[Answer Question]
At the same time as India was being subjected to Turkic invasion, so too was Anatolia (now modern Turkey), where the largely Christian and Greek-speaking population was then governed by the Byzantine Empire (see Map 9.2, and Map 9.5). Here, as in India, the invaders initially wreaked havoc as Byzantine authority melted away in the eleventh century. Sufi practitioners likewise played a major role in the process of conversion. The outcome, however, was a far more profound cultural transformation than in India. By 1500, the population was 90 percent Muslim and largely Turkic-speaking, and Anatolia was the heartland of the powerful Turkish Ottoman Empire that had overrun Christian Byzantium. Why did the Turkic intrusion into Anatolia generate a much more thorough Islamization than in India?

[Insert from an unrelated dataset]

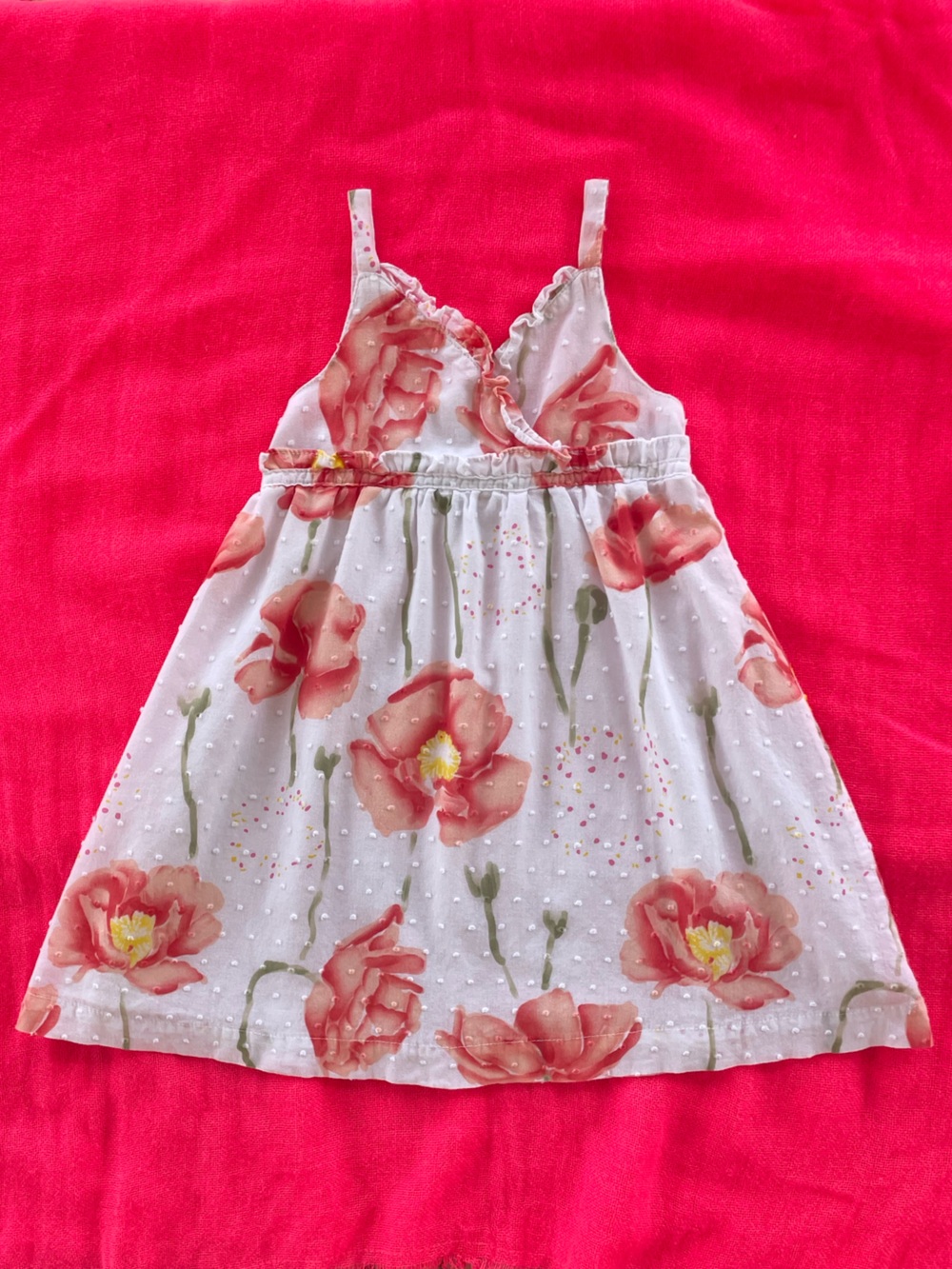 Penelope Mack 12 Month Dress 100% Cotton EUC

One factor clearly lies in a very different demographic balance. The population of Anatolia—perhaps 8 million—was far smaller than India’s roughly 48 million people, but far more Turkic-speaking peoples settled in Anatolia, giving them a much greater cultural weight than the smaller colonizing force in India. Furthermore, the disruption of Anatolian society was much more extensive. Massacres, enslavement, famine, and flight led to a sharp drop in the native population. The Byzantine state had been fatally weakened. Church properties were confiscated, and monasteries were destroyed or deserted. Priests and bishops were sometimes unable to serve their congregations. Christians, though seldom forced to convert, suffered many discriminations. They had to wear special clothing and pay special taxes, and they were forbidden to ride saddled horses or carry swords. Not a few Christians came to believe that these disasters represented proof that Islam was the true religion.21 Thus Byzantine civilization in Anatolia, previously focused on the centralized institutions of church and state, was rendered leaderless and dispirited, whereas India’s decentralized civilization, lacking a unified political or religious establishment, was better able to absorb the shock of external invasion while retaining its core values and identity.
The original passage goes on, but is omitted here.